Start of Records for the task
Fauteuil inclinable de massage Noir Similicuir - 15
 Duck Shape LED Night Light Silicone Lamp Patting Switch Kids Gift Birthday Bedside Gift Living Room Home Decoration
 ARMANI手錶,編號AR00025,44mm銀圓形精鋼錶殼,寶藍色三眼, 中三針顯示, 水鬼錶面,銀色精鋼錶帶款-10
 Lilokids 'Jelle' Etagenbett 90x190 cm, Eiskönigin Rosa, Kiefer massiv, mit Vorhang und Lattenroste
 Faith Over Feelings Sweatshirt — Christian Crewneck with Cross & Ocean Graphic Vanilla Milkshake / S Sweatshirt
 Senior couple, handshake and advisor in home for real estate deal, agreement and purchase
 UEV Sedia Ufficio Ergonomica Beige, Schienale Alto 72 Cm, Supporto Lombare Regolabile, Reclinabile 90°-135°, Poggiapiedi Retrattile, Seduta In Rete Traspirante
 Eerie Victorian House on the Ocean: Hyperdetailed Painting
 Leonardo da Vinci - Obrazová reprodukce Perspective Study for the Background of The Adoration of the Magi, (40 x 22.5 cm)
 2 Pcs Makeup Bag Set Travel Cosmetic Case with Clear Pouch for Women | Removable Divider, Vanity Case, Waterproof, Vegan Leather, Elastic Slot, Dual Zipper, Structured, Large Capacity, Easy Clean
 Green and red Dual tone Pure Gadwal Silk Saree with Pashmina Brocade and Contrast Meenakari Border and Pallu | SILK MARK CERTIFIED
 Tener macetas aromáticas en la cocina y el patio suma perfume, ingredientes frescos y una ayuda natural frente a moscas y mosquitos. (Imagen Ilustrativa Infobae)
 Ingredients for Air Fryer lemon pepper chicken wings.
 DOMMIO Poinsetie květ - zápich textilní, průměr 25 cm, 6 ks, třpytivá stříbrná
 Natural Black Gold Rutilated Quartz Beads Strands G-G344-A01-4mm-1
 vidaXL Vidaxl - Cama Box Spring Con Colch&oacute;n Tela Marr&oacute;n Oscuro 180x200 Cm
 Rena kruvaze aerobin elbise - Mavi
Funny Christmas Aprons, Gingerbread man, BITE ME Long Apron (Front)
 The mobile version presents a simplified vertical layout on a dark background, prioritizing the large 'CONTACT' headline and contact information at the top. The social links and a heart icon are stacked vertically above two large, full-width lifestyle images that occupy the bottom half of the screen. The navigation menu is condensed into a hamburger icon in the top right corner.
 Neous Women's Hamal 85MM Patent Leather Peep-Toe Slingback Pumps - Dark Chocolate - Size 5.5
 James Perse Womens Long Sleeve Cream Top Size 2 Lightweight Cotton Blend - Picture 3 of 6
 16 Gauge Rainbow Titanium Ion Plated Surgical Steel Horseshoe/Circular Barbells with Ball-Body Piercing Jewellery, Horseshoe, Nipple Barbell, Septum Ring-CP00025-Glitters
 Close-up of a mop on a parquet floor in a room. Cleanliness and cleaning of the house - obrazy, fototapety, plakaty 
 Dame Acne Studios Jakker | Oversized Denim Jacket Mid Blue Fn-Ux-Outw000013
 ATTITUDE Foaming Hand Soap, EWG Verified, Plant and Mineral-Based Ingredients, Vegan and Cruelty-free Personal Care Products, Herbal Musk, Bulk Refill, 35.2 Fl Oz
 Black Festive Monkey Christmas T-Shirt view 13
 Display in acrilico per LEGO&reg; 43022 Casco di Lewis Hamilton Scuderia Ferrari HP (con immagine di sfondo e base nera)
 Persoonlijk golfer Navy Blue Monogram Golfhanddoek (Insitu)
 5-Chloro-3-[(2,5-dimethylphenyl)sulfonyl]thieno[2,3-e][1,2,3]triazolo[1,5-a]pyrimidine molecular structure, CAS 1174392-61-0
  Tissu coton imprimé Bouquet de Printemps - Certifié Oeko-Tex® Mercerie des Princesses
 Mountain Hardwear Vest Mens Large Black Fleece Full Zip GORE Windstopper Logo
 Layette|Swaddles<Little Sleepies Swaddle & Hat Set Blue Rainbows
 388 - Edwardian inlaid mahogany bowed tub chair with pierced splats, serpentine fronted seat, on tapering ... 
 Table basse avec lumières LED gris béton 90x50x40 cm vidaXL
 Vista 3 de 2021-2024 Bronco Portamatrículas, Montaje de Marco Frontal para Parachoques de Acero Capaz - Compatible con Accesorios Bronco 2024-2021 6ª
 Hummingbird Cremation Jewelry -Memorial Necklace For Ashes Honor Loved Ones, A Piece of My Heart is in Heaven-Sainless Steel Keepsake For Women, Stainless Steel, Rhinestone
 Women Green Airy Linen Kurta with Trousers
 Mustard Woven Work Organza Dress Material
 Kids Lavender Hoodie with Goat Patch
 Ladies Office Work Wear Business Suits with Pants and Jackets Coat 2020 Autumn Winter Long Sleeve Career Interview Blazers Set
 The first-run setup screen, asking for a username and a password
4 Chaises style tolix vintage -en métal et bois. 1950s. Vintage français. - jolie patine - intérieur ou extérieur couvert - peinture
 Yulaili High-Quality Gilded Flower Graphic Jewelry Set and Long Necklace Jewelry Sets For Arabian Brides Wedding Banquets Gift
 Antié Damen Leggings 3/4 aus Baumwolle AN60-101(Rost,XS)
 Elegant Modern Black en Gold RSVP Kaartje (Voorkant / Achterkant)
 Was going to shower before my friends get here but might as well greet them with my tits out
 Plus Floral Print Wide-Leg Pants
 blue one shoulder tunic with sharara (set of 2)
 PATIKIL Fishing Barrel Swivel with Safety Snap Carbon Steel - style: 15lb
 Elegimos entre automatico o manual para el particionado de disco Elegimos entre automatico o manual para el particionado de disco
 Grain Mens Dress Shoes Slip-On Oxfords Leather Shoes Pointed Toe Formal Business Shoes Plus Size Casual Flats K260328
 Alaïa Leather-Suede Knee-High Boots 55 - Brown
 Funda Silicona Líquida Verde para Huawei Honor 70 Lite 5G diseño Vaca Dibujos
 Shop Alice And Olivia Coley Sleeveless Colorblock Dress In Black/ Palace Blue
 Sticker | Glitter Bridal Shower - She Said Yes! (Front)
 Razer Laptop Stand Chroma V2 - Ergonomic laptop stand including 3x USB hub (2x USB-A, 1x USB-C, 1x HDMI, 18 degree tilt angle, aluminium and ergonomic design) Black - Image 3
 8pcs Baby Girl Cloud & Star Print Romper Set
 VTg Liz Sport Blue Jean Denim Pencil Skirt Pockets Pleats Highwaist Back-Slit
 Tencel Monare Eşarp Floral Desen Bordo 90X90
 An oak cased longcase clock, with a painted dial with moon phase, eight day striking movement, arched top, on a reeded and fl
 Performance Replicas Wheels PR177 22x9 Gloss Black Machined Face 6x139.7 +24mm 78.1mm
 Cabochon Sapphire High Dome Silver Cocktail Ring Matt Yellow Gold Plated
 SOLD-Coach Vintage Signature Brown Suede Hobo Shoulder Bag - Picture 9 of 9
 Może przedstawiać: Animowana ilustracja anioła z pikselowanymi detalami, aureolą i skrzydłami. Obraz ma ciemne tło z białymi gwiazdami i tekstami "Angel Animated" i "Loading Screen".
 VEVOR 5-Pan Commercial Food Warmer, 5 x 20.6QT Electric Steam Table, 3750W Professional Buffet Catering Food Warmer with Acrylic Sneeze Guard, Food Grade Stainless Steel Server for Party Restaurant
End of Records for the task
Write out the full listing, keeping every line exactly as it is.

Fauteuil inclinable de massage Noir Similicuir - 15
 Duck Shape LED Night Light Silicone Lamp Patting Switch Kids Gift Birthday Bedside Gift Living Room Home Decoration
 ARMANI手錶,編號AR00025,44mm銀圓形精鋼錶殼,寶藍色三眼, 中三針顯示, 水鬼錶面,銀色精鋼錶帶款-10
 Lilokids 'Jelle' Etagenbett 90x190 cm, Eiskönigin Rosa, Kiefer massiv, mit Vorhang und Lattenroste
 Faith Over Feelings Sweatshirt — Christian Crewneck with Cross & Ocean Graphic Vanilla Milkshake / S Sweatshirt
 Senior couple, handshake and advisor in home for real estate deal, agreement and purchase
 UEV Sedia Ufficio Ergonomica Beige, Schienale Alto 72 Cm, Supporto Lombare Regolabile, Reclinabile 90°-135°, Poggiapiedi Retrattile, Seduta In Rete Traspirante
 Eerie Victorian House on the Ocean: Hyperdetailed Painting
 Leonardo da Vinci - Obrazová reprodukce Perspective Study for the Background of The Adoration of the Magi, (40 x 22.5 cm)
 2 Pcs Makeup Bag Set Travel Cosmetic Case with Clear Pouch for Women | Removable Divider, Vanity Case, Waterproof, Vegan Leather, Elastic Slot, Dual Zipper, Structured, Large Capacity, Easy Clean
 Green and red Dual tone Pure Gadwal Silk Saree with Pashmina Brocade and Contrast Meenakari Border and Pallu | SILK MARK CERTIFIED
 Tener macetas aromáticas en la cocina y el patio suma perfume, ingredientes frescos y una ayuda natural frente a moscas y mosquitos. (Imagen Ilustrativa Infobae)
 Ingredients for Air Fryer lemon pepper chicken wings.
 DOMMIO Poinsetie květ - zápich textilní, průměr 25 cm, 6 ks, třpytivá stříbrná
 Natural Black Gold Rutilated Quartz Beads Strands G-G344-A01-4mm-1
 vidaXL Vidaxl - Cama Box Spring Con Colch&oacute;n Tela Marr&oacute;n Oscuro 180x200 Cm
 Rena kruvaze aerobin elbise - Mavi
Funny Christmas Aprons, Gingerbread man, BITE ME Long Apron (Front)
 The mobile version presents a simplified vertical layout on a dark background, prioritizing the large 'CONTACT' headline and contact information at the top. The social links and a heart icon are stacked vertically above two large, full-width lifestyle images that occupy the bottom half of the screen. The navigation menu is condensed into a hamburger icon in the top right corner.
 Neous Women's Hamal 85MM Patent Leather Peep-Toe Slingback Pumps - Dark Chocolate - Size 5.5
 James Perse Womens Long Sleeve Cream Top Size 2 Lightweight Cotton Blend - Picture 3 of 6
 16 Gauge Rainbow Titanium Ion Plated Surgical Steel Horseshoe/Circular Barbells with Ball-Body Piercing Jewellery, Horseshoe, Nipple Barbell, Septum Ring-CP00025-Glitters
 Close-up of a mop on a parquet floor in a room. Cleanliness and cleaning of the house - obrazy, fototapety, plakaty 
 Dame Acne Studios Jakker | Oversized Denim Jacket Mid Blue Fn-Ux-Outw000013
 ATTITUDE Foaming Hand Soap, EWG Verified, Plant and Mineral-Based Ingredients, Vegan and Cruelty-free Personal Care Products, Herbal Musk, Bulk Refill, 35.2 Fl Oz
 Black Festive Monkey Christmas T-Shirt view 13
 Display in acrilico per LEGO&reg; 43022 Casco di Lewis Hamilton Scuderia Ferrari HP (con immagine di sfondo e base nera)
 Persoonlijk golfer Navy Blue Monogram Golfhanddoek (Insitu)
 5-Chloro-3-[(2,5-dimethylphenyl)sulfonyl]thieno[2,3-e][1,2,3]triazolo[1,5-a]pyrimidine molecular structure, CAS 1174392-61-0
  Tissu coton imprimé Bouquet de Printemps - Certifié Oeko-Tex® Mercerie des Princesses
 Mountain Hardwear Vest Mens Large Black Fleece Full Zip GORE Windstopper Logo
 Layette|Swaddles<Little Sleepies Swaddle & Hat Set Blue Rainbows
 388 - Edwardian inlaid mahogany bowed tub chair with pierced splats, serpentine fronted seat, on tapering ... 
 Table basse avec lumières LED gris béton 90x50x40 cm vidaXL
 Vista 3 de 2021-2024 Bronco Portamatrículas, Montaje de Marco Frontal para Parachoques de Acero Capaz - Compatible con Accesorios Bronco 2024-2021 6ª
 Hummingbird Cremation Jewelry -Memorial Necklace For Ashes Honor Loved Ones, A Piece of My Heart is in Heaven-Sainless Steel Keepsake For Women, Stainless Steel, Rhinestone
 Women Green Airy Linen Kurta with Trousers
 Mustard Woven Work Organza Dress Material
 Kids Lavender Hoodie with Goat Patch
 Ladies Office Work Wear Business Suits with Pants and Jackets Coat 2020 Autumn Winter Long Sleeve Career Interview Blazers Set
 The first-run setup screen, asking for a username and a password
4 Chaises style tolix vintage -en métal et bois. 1950s. Vintage français. - jolie patine - intérieur ou extérieur couvert - peinture
 Yulaili High-Quality Gilded Flower Graphic Jewelry Set and Long Necklace Jewelry Sets For Arabian Brides Wedding Banquets Gift
 Antié Damen Leggings 3/4 aus Baumwolle AN60-101(Rost,XS)
 Elegant Modern Black en Gold RSVP Kaartje (Voorkant / Achterkant)
 Was going to shower before my friends get here but might as well greet them with my tits out
 Plus Floral Print Wide-Leg Pants
 blue one shoulder tunic with sharara (set of 2)
 PATIKIL Fishing Barrel Swivel with Safety Snap Carbon Steel - style: 15lb
 Elegimos entre automatico o manual para el particionado de disco Elegimos entre automatico o manual para el particionado de disco
 Grain Mens Dress Shoes Slip-On Oxfords Leather Shoes Pointed Toe Formal Business Shoes Plus Size Casual Flats K260328
 Alaïa Leather-Suede Knee-High Boots 55 - Brown
 Funda Silicona Líquida Verde para Huawei Honor 70 Lite 5G diseño Vaca Dibujos
 Shop Alice And Olivia Coley Sleeveless Colorblock Dress In Black/ Palace Blue
 Sticker | Glitter Bridal Shower - She Said Yes! (Front)
 Razer Laptop Stand Chroma V2 - Ergonomic laptop stand including 3x USB hub (2x USB-A, 1x USB-C, 1x HDMI, 18 degree tilt angle, aluminium and ergonomic design) Black - Image 3
 8pcs Baby Girl Cloud & Star Print Romper Set
 VTg Liz Sport Blue Jean Denim Pencil Skirt Pockets Pleats Highwaist Back-Slit
 Tencel Monare Eşarp Floral Desen Bordo 90X90
 An oak cased longcase clock, with a painted dial with moon phase, eight day striking movement, arched top, on a reeded and fl
 Performance Replicas Wheels PR177 22x9 Gloss Black Machined Face 6x139.7 +24mm 78.1mm
 Cabochon Sapphire High Dome Silver Cocktail Ring Matt Yellow Gold Plated
 SOLD-Coach Vintage Signature Brown Suede Hobo Shoulder Bag - Picture 9 of 9
 Może przedstawiać: Animowana ilustracja anioła z pikselowanymi detalami, aureolą i skrzydłami. Obraz ma ciemne tło z białymi gwiazdami i tekstami "Angel Animated" i "Loading Screen".
 VEVOR 5-Pan Commercial Food Warmer, 5 x 20.6QT Electric Steam Table, 3750W Professional Buffet Catering Food Warmer with Acrylic Sneeze Guard, Food Grade Stainless Steel Server for Party Restaurant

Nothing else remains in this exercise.